HABER MERKEZİ – KJK Koordinasyonu Lozan Antlaşması’na denk gelen seçimlerin bir rejim operasyonu olduğunu belirtti.
KJK’nin değerlendirmesi şöyle:
“Türkiye’de Parlamento ve cumhurbaşkanlığı seçimleri sona erdi. Lozan Antlaşması’nın 100. yıl dönümüne denk getirilen bu seçime aslında uluslararası komplonun tamamlanması biçiminde bir hazırlık ile gidildi. Bilindiği gibi seçim öncesi süreçte en son 2021 ve 2022 yılları içinde başta gerilla sahası olmak üzere önderliğimize, halkımıza, kadınlara, gençlere, özgürlük ve demokrasi güçlerinin, legal örgütlülüklerin tümüne en fütursuz, hukuksuz saldırılar düzenlendi.

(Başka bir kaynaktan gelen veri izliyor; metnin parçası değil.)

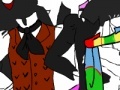 Spil Dress up Master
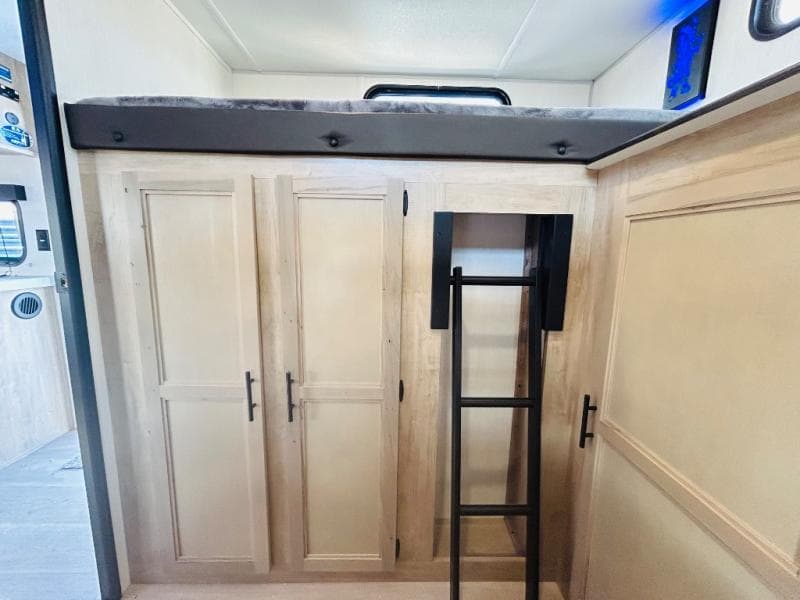 2026 Forest River 2026 Forest River Cherokee Grey Wolf - thumbnail 74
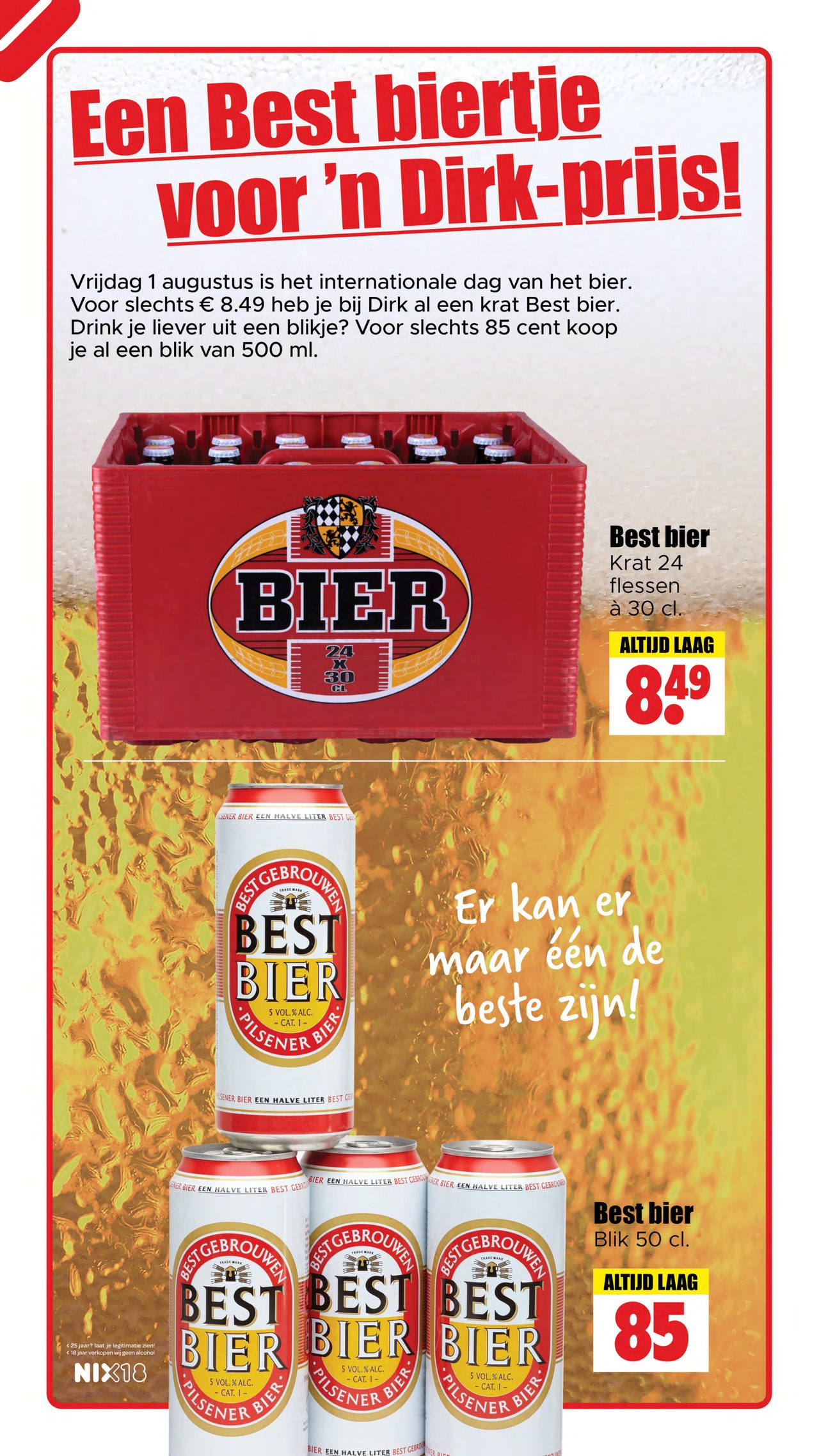 Dirk Folder pagina 2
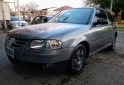 Autos - Volkswagen Gol Power 2008 Nafta 80000Km - En Venta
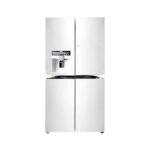 LG MDN76W Refrigerator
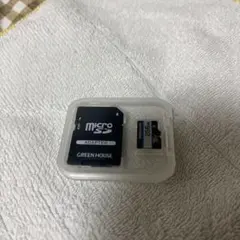 microSDXCカード 256GB SDカードアダプター付き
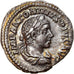 Coin, Elagabalus, Denarius, 218-222, Roma, AU(55-58), Silver, RIC:161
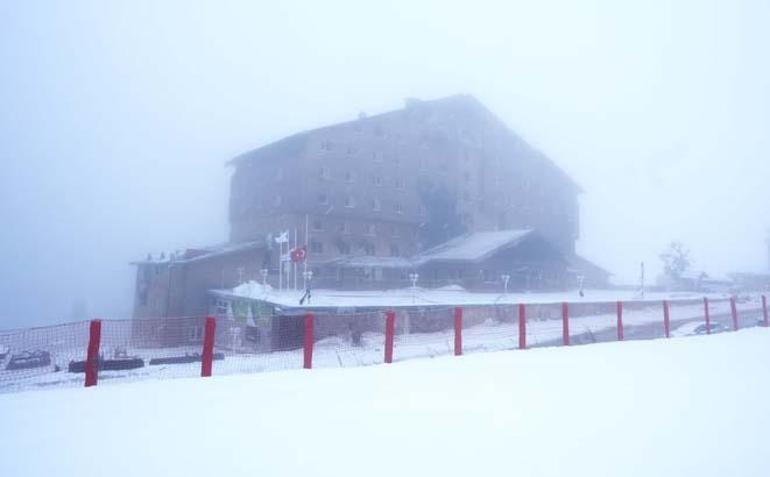 MEB, Kartalkayadaki otel yangını faciası sonrası Psikososyal Destek Eylem Planı hazırladı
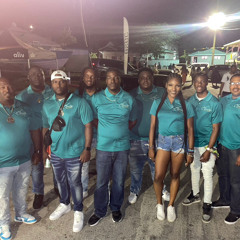 Shaad Collie & The V.I.Ps (Exuma Regatta) Night 1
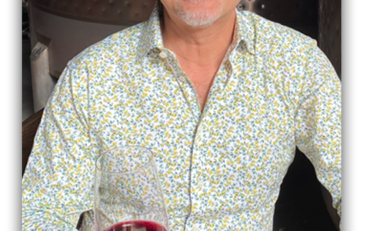 Dr. Joseph Nassir. Founder, President, CEO and Director of Winemaking Operations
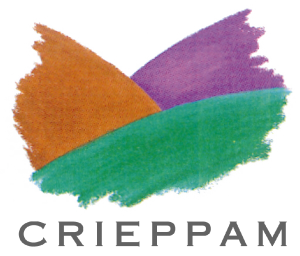 Logo du CRIEPPAM, Centre Régionalisé Interprofessionnel d'Expérimentation en Plantes à Parfum Aromatiques et Médicinales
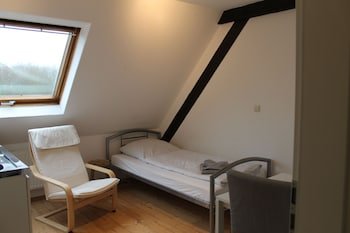 Boardinghouse Georgsheil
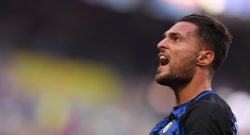 [ML] - Inter, D’Ambrosio: “Derby importante. Il Milan si riprenderà”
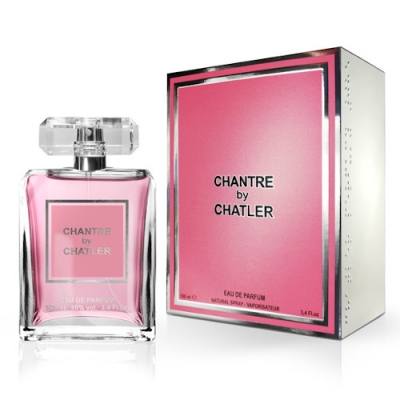 Chatler Chantre by Chatler - woda perfumowana 100 ml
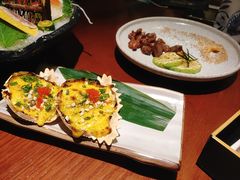 焗蟹宝-匠和风精致料理(世茂双子塔店)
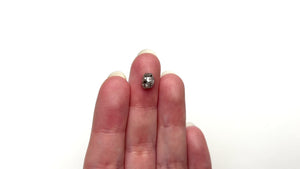2.02ct 8.26x5.88x4.50mm Polished Raw Diamond 🇨🇦 28171-01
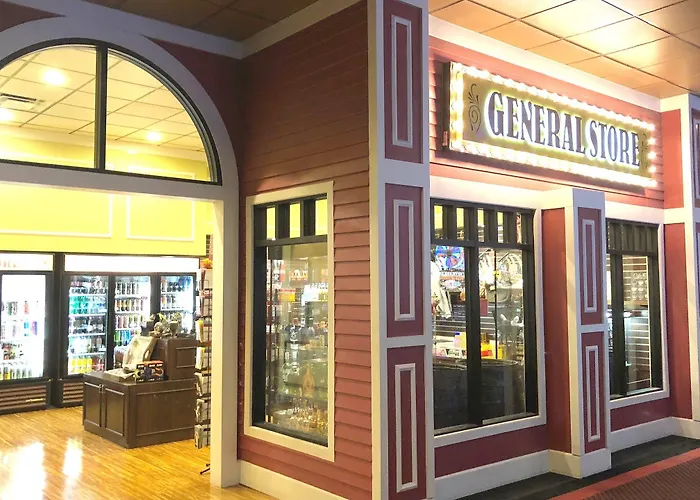 Hotels in Downtown West Wendover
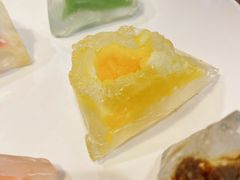 -星巴克(呼和浩特民族商场店)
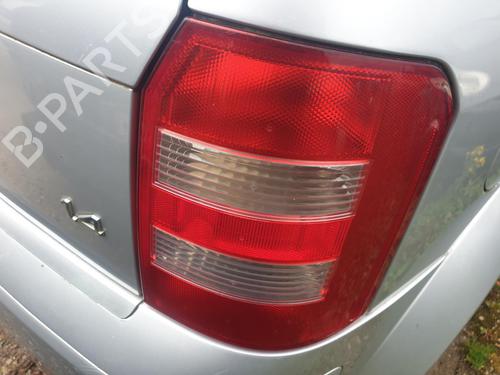 Right taillight AUDI A2 (8Z0) 1.4 | BP36307650C35 - Image 2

Gerillaya karşı hiçbir savaşta görülmeyen bir tarzda yasaklı kimyasal silahlar sınırsız kullanıldı. Uluslararası güçler halkımıza karşı gelişen bu saldırılara karşı son derece iki yüzlü bir şekilde sessiz kalarak onay verdiler. Lozan Antlaşması’nın 100.yılına girilirken faşist Türk devletinin esas amacı özgürlük hareketinin tasfiyesinin tamamlanmasıydı. Ancak tüm bu, ırkçı, milliyetçi saldırılara karşı Önderliğimiz, kadınlar, halkımız, gerilla çok görkemli bir şekilde direndi. Bu direniş insanlık tarihinin görmüş olduğu en büyük ve görkemli başarılı direnişiydi. Türk devletinin tüm saldırıları bu temelde boşa çıkarıldı. Seçimlere girilirken Türk devletinin, faşist Erdoğan iktidarının amaçladığının tam tersine gerilla dağlardan sökülüp atılamadı. Halkımız tüm varını, yoğunu ortaya koyarak direndi. Bu direnişini en son tüm özel savaş politikalarına, seçimlerde yapılan kimi eksikliklere ve yanlışlıklara karşın tüm görkemi ile ortaya koydu. Halkımız Önderliğe, ulusal değerlerine, özgürlük ve demokrasi ruhuna çok canlı, iddialı ve kararlı bir biçimde sahip çıktı.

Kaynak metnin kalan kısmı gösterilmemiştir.